Émergence d’un style
Malgré ses 200 pages, l’album se lit rapidement, en particulier parce qu’il ne comporte pas trop de texte, assumant le choix d’une ambiance maussade (les personnages se caractérisent par une tendance à un humour pas vraiment fin) et des dessins plutôt gros dans l’ensemble (avec une base de trois bandes par planche et jamais plus de deux vignettes par bande). Avec son trait bien net, Nicolas Pegon flirte avec le style caractéristique de la ligne claire. On note quand même un goût certain pour un travail sur les jeux d’ombres, le dessinateur aimant dans certains cas marquer davantage les formes que les traits en noircissant par zones. D’autre part, son travail sur l’ambiance générale se fait par touches successives. Après ce chien venu de nulle part, nous avons donc le gamer en réalité virtuelle qui semble y passer tout son temps de loisirs, les spécialistes médicaux que César s’acharne à consulter parce qu’il devient insensible d’un bras, alors qu’invariablement il obtient le même avis : il n’a rien. Nous avons également une femme au physique androgyne qui vit déjà dans un monde post-apocalyptique. Et puis, nous avons bien sûr celui sur qui notre duo enquête et qui vivait tellement isolé qu’obtenir un témoignage à son propos relève de l’heureux concours de circonstances. On note aussi que les personnages croisés par notre duo arborent quasiment tous le masque de l’impassibilité.

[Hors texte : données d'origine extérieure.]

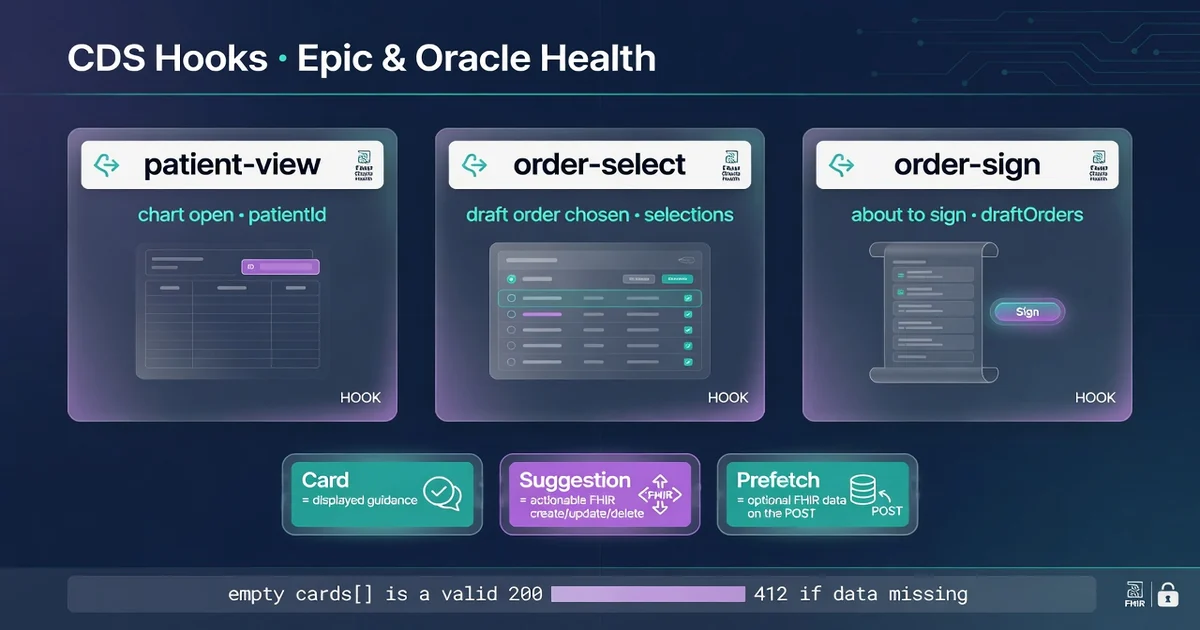 CDS Hooks on Epic and Cerner: patient-view, order-select, order-sign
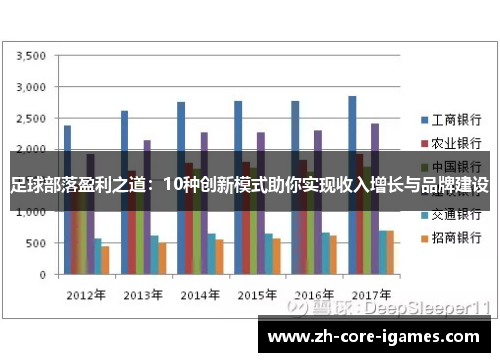足球部落盈利之道：10种创新模式助你实现收入增长与品牌建设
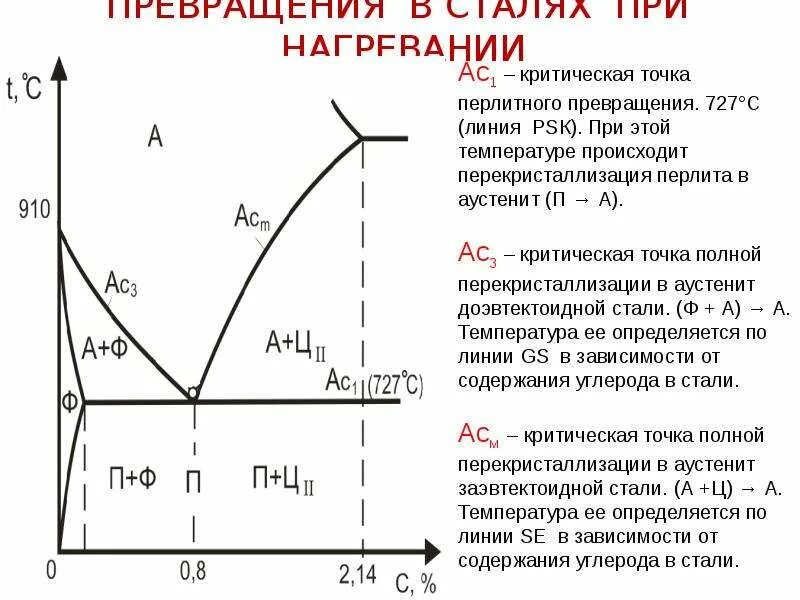 Превращение при нагреве. Превращение при нагреве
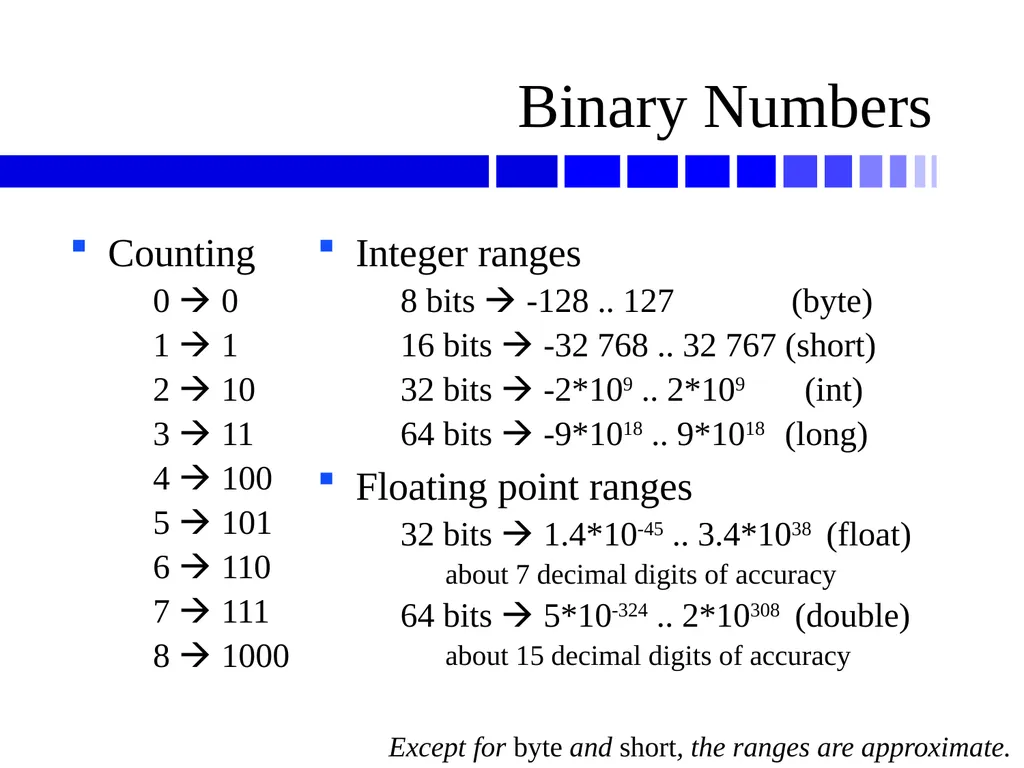 Computer Hardware and History Computers Personal - slide 19 of 41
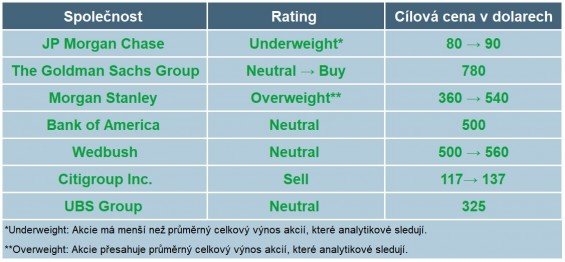 Rating akcií Tesla očima jednotlivých analytiků. 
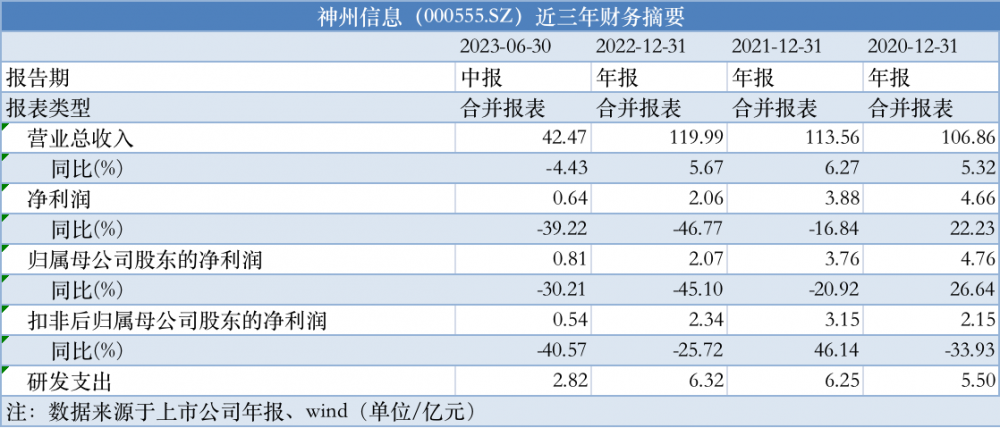 2024年全年资料免费大全,适用解析方案_精简版46.811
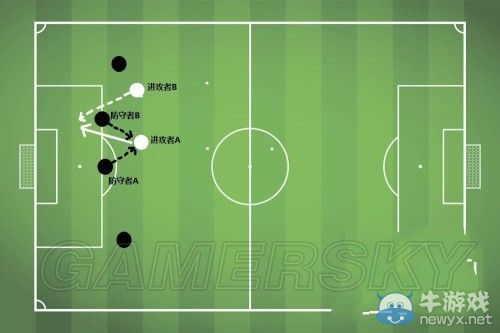 《FIFA Online3》防守站位與包夾技巧心得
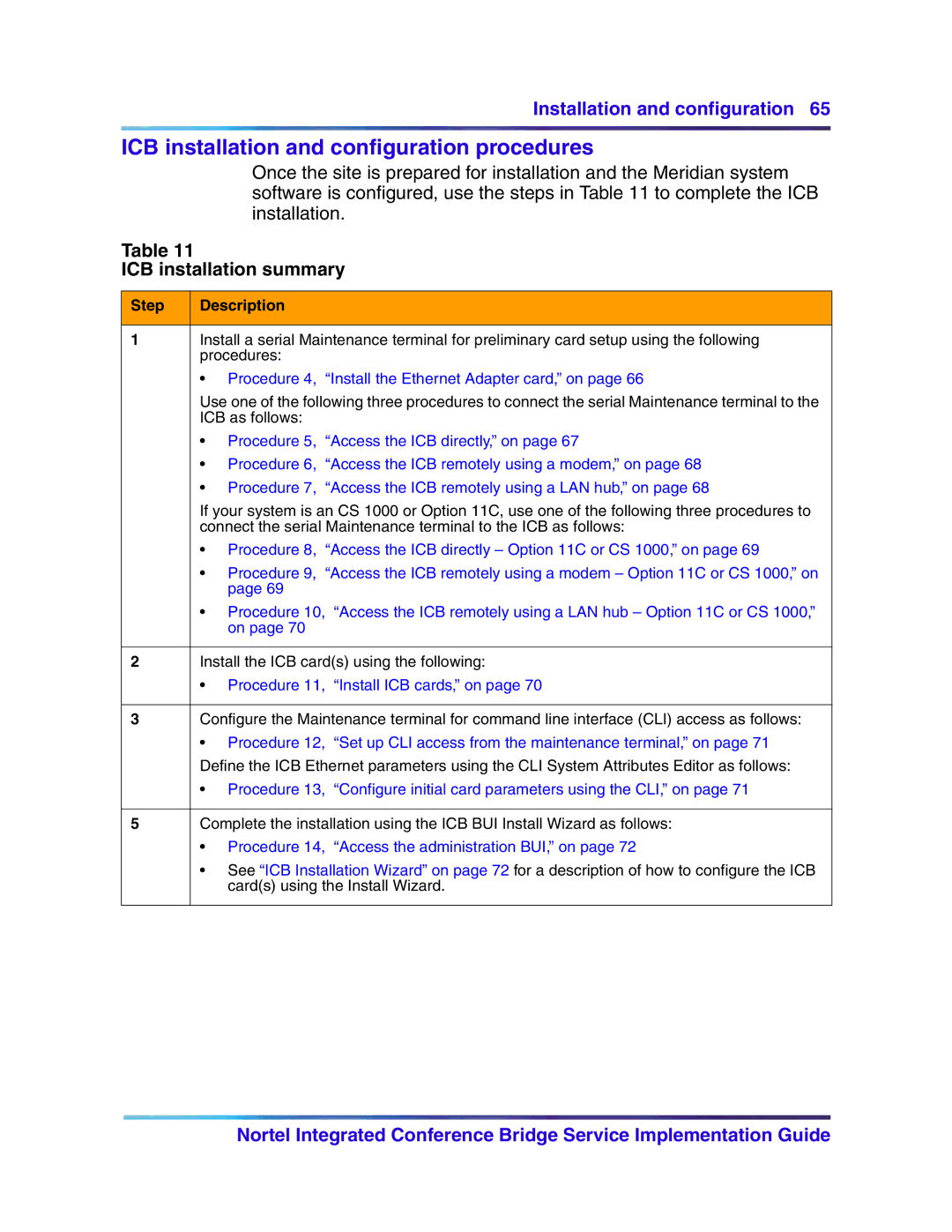 Nortel Networks 555-4001-135 ICB installation and configuration procedures, ICB installation summary, Step Description 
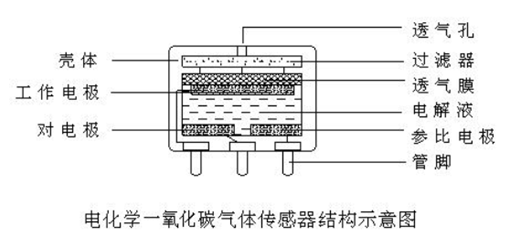 CO電化學(xué)傳感器檢測(cè)原理 CO電化學(xué)傳感器檢測(cè)原理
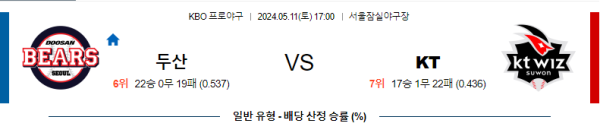 야구분석 KBO 5월 11일 두산 베어스 분석 VS KT 위즈 분석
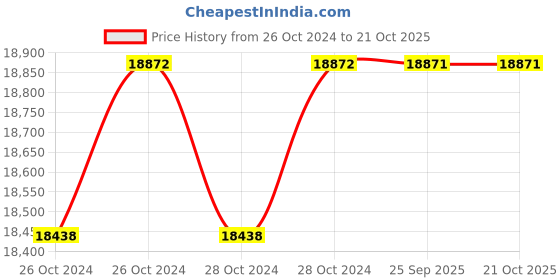 moglix.com skf automotive SKF BTH-1265A 49x84x48mm Taper Roller Hub Bearing (Pack of 10) skf automotive Price History Graph from 26 Oct 2024 to 21 Oct 2025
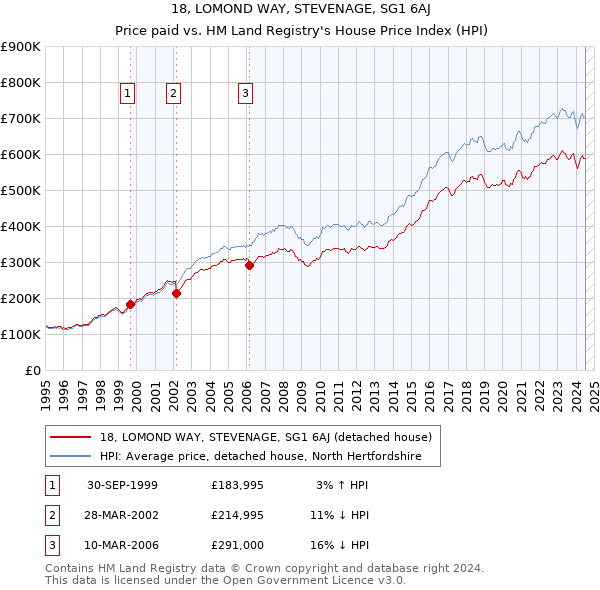 18, LOMOND WAY, STEVENAGE, SG1 6AJ: Price paid vs HM Land Registry's House Price Index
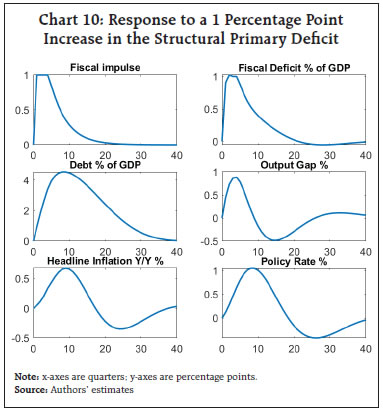 Chart 10: Response to a 1 Percentage Point Increase in the Structural Primary Deficit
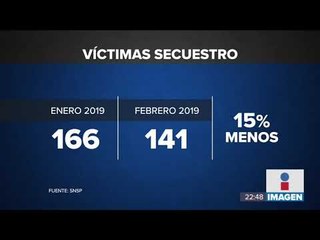 Presentan cifras de homicidios y secuestros de febrero 2019 | Noticias con Ciro Gómez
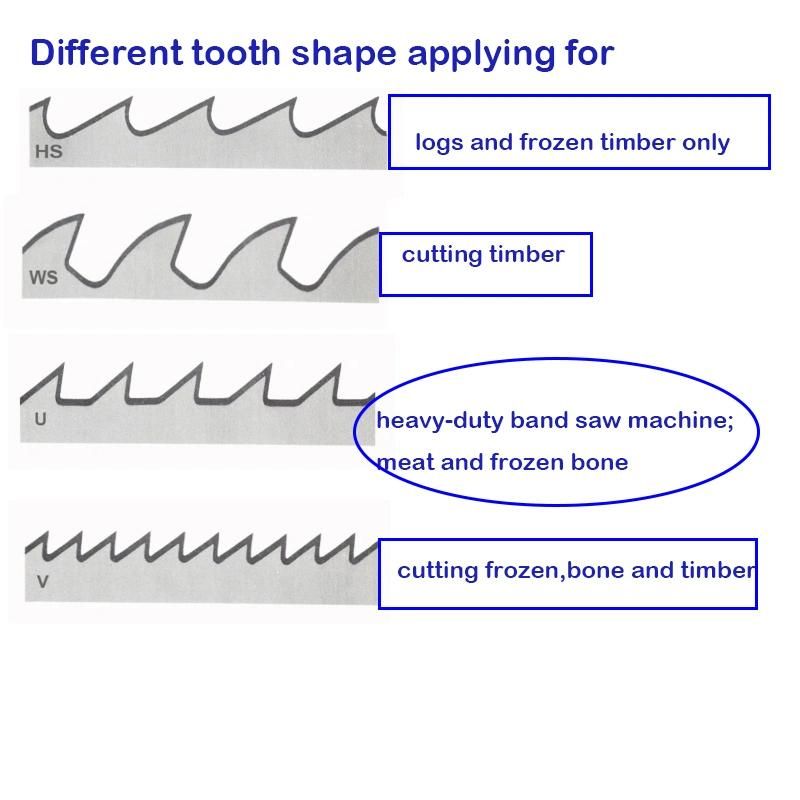 Beef Bone Bandsaw Blades Food Cutting Slaugher Factory Using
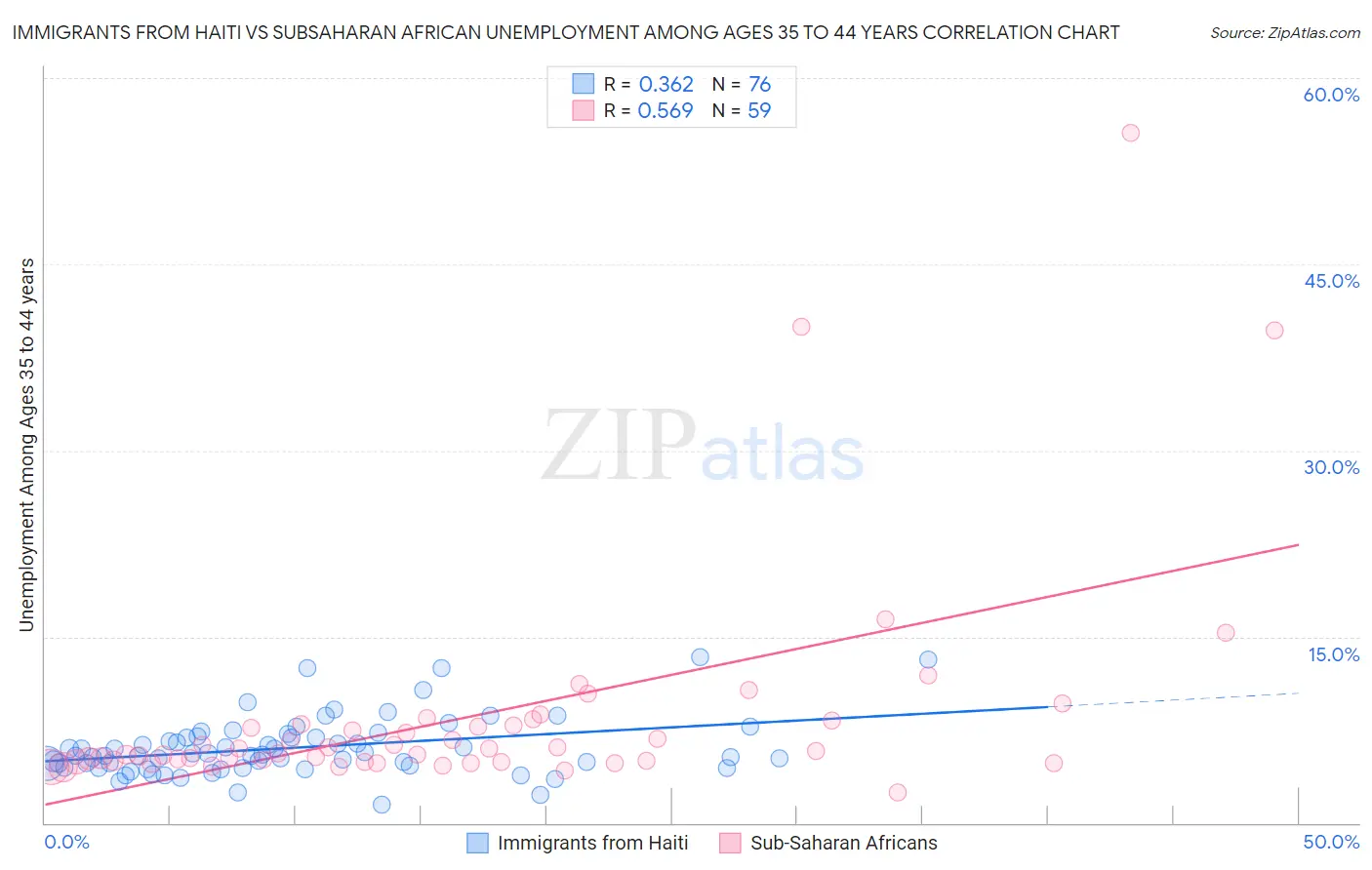 Immigrants from Haiti vs Subsaharan African Unemployment Among Ages 35 to 44 years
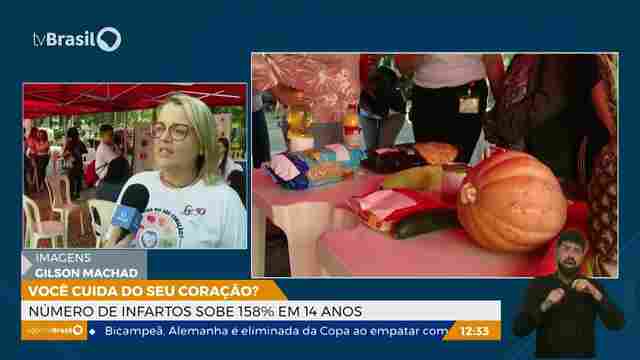 Casos de infarto sobem 158% em 14 anos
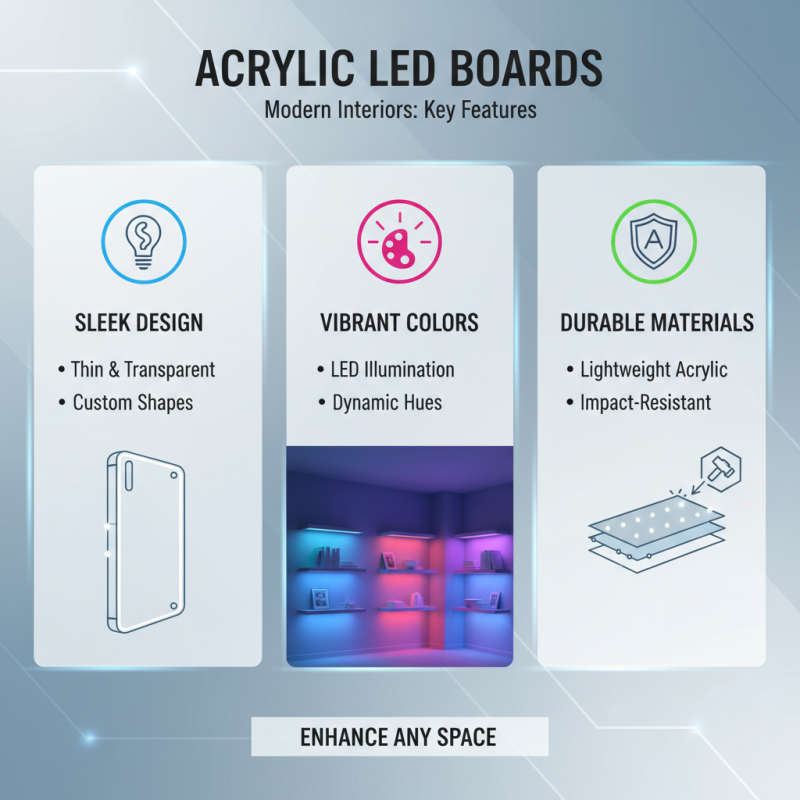 Top 10 Best Acrylic Led Board Designs for Modern Interiors?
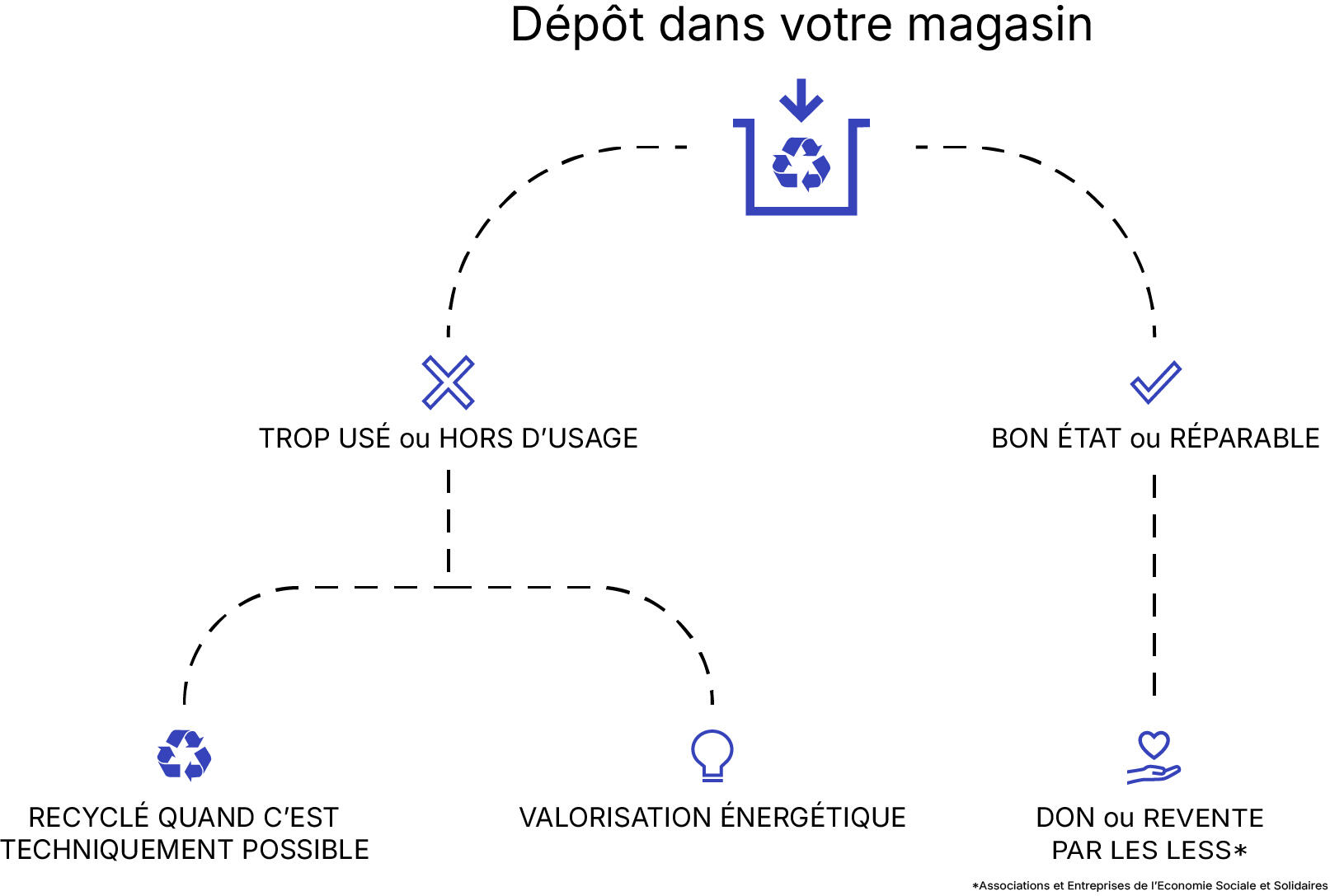Schéma de la fin de vie de nos produits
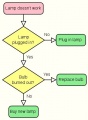 Thumbnail for version as of 13:13, 11 December 2009
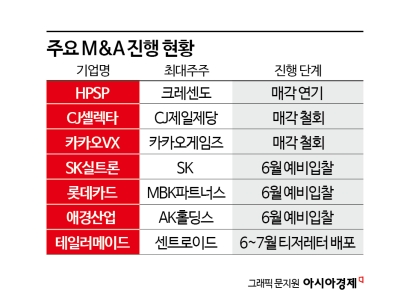"팔기 어렵네"…글로벌 불확실성에 자취 감추는 매물들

Quelques observations pas anodines
Enfin, on note que si ses idées passent plutôt bien, le dessinateur fait le choix d’un prologue sans lien direct avec le corps narratif de l’album. Le lien se fait néanmoins par un objet et par ce qu’il amène, ainsi que par l’état d’esprit qu’il met en avant. De même, Nicolas Pegon conclue l’album par un retour en arrière, seule solution pour qu’on comprenne ce qui s’est effectivement passé au moment du drame. Enfin, le lien avec Elvis Presley se situe au niveau des fantasmes, ainsi que de quelques détails. On pense ainsi à son surnom (Le king), quand le gamer annonce que dans son jeu, il est le roi du monde.